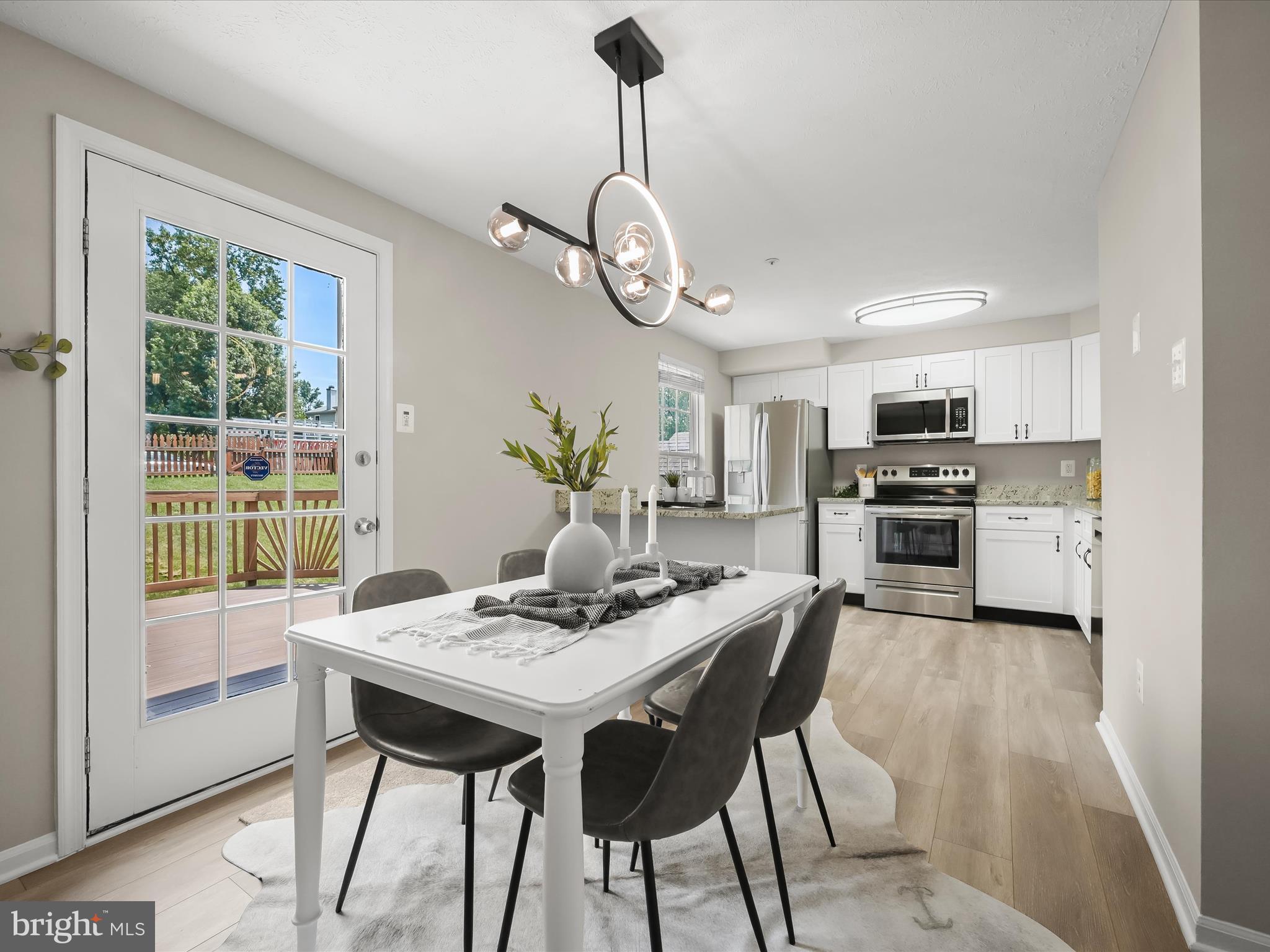831 CINNAMON COURT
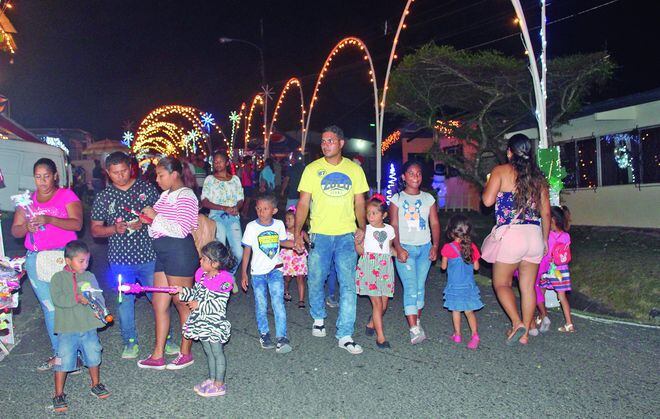 La histórica Calle del Agua en La Chorrera vuelve a brillar en Navidad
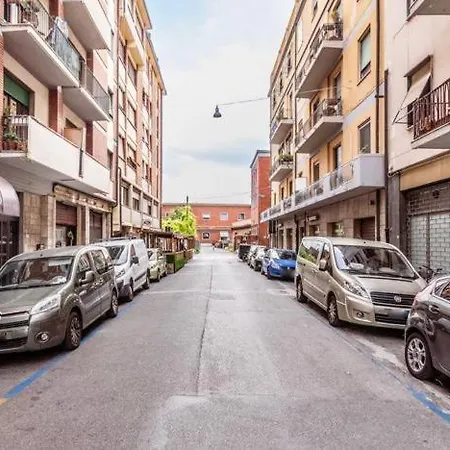 Maison d'hôtes Live In - 250m Dalla Stazione Centrale Di Pise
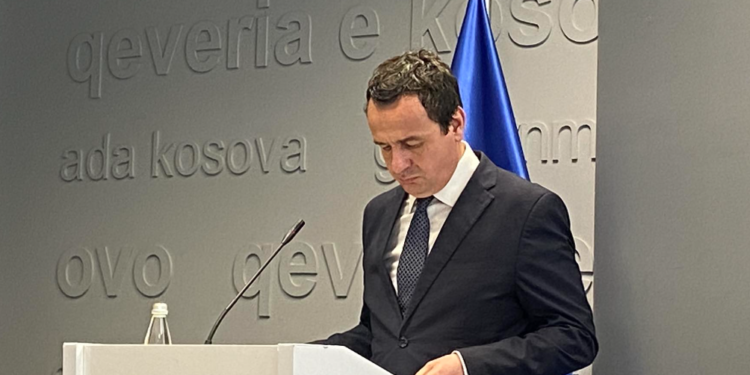 Kurti: Arrestimi i tre policëve na detyron ta rrisim kontrollin kufitar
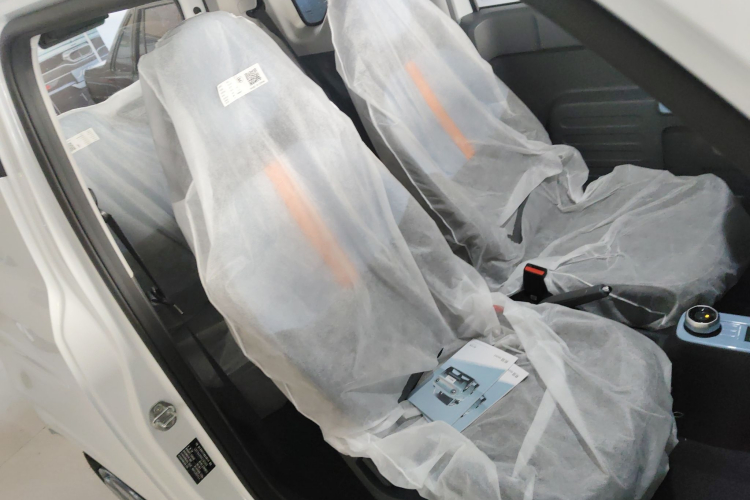 吉利银河 2024款 熊猫mini 200km 耐力熊局部细节41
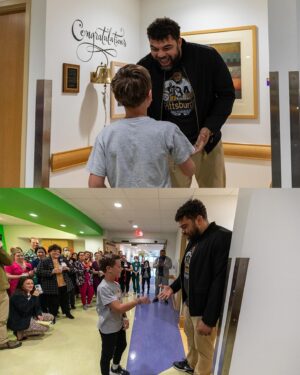 Cameron Heyward Instagram - On Friday, defensive tackle for the Pittsburgh Steelers, Cam Heyward, surprised Porter at UPMC Children's Hospital of Pittsburgh. Cam joined the celebration as Porter rang the bell to signify the end of his chemo treatments. @camhey97 @childrenspgh @steelers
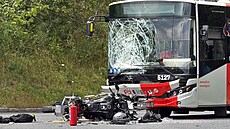 Srá�ka motorky a autobusu v pra�ském Motole. (4. �ervence 2026)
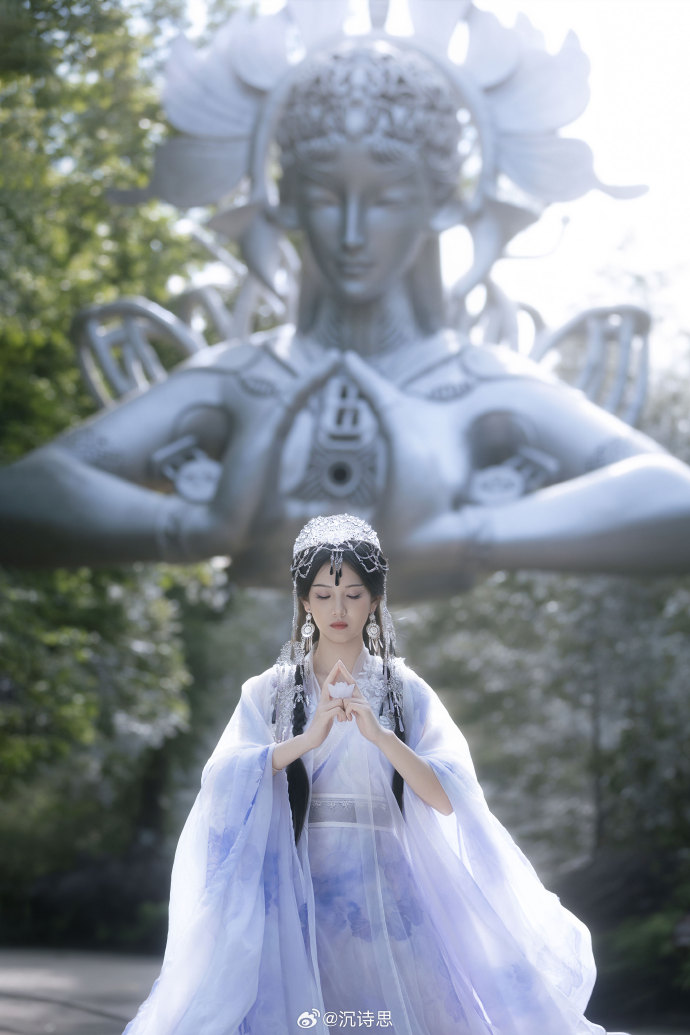 紫纱栖仙骨，一念渡尘缘。摄影/后期：@沉诗思 出镜：芝芝琪拍摄地：柳州### 2 预览 1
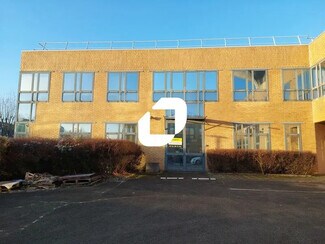 Plus de détails pour 43 Avenue Des 3 Peuples, Montigny-le-Bretonneux - Bureau à louer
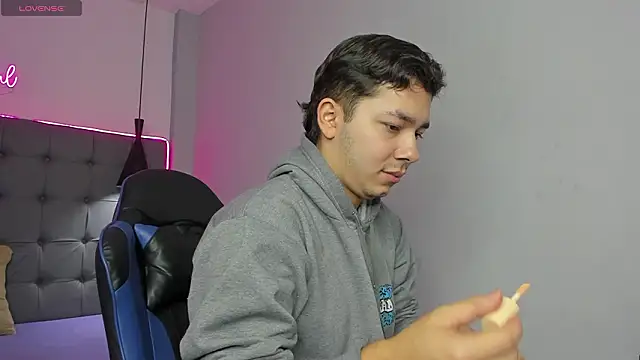 Julian Smith21 online show from March 5, 12:46 pm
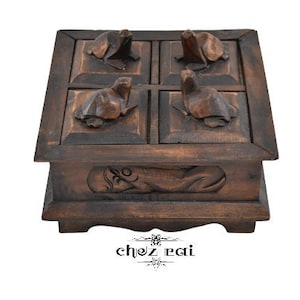 Vintage Wooden Wood Box Of Tortoise Turtles Trinket Box Jewelry Box 4 Compartment Hand Carved Tortoise Turtle Handles / Chez Rai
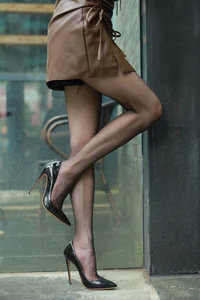 IESS Xiaoliu 'Black Silk Polaris' Gallery: Urban Chic and Classic Black Stockings - image 79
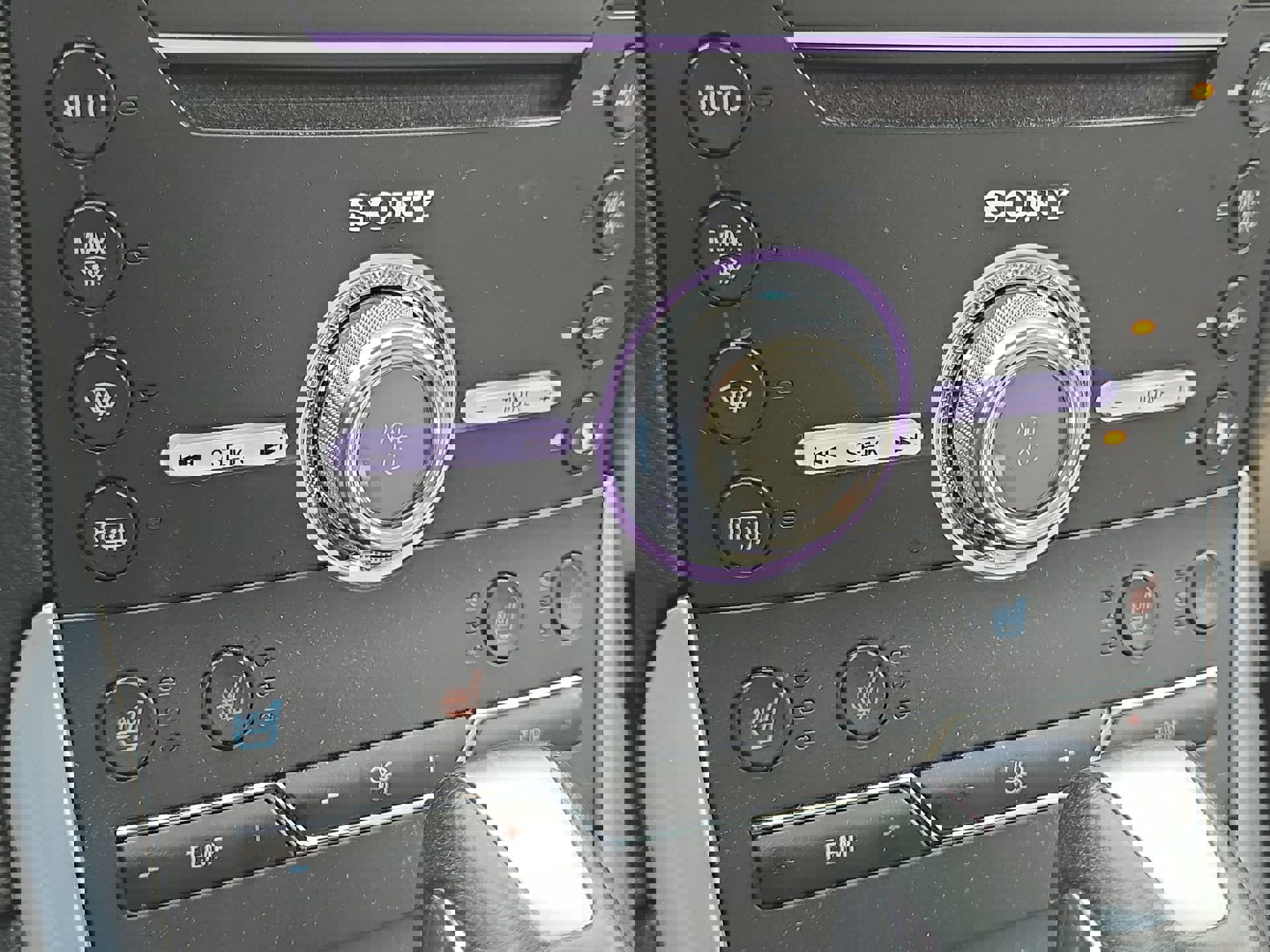 Certified 2018 Ford Edge Titanium w/ Equipment Group 301A FWD image 18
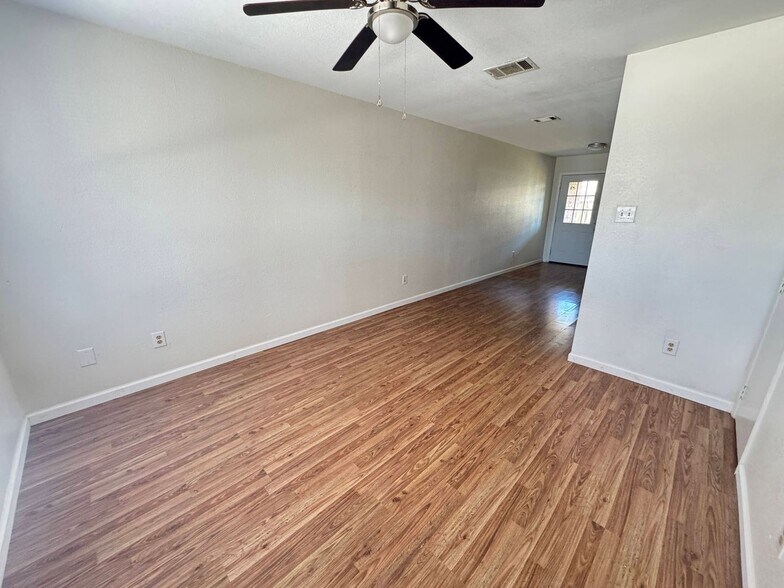 Building Photo - 1203 Monroe Loop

▸ **ASSIGNMENT**
Would you restate, exactly and with no pictures, the lines of the entries above from the one containing "Vintage Wooden Wood" through the one containing "Certified 2018 Ford"?

▸ **WRITTEN ANSWER**
 Vintage Wooden Wood Box Of Tortoise Turtles Trinket Box Jewelry Box 4 Compartment Hand Carved Tortoise Turtle Handles / Chez Rai
 IESS Xiaoliu 'Black Silk Polaris' Gallery: Urban Chic and Classic Black Stockings - image 79
 Certified 2018 Ford Edge Titanium w/ Equipment Group 301A FWD image 18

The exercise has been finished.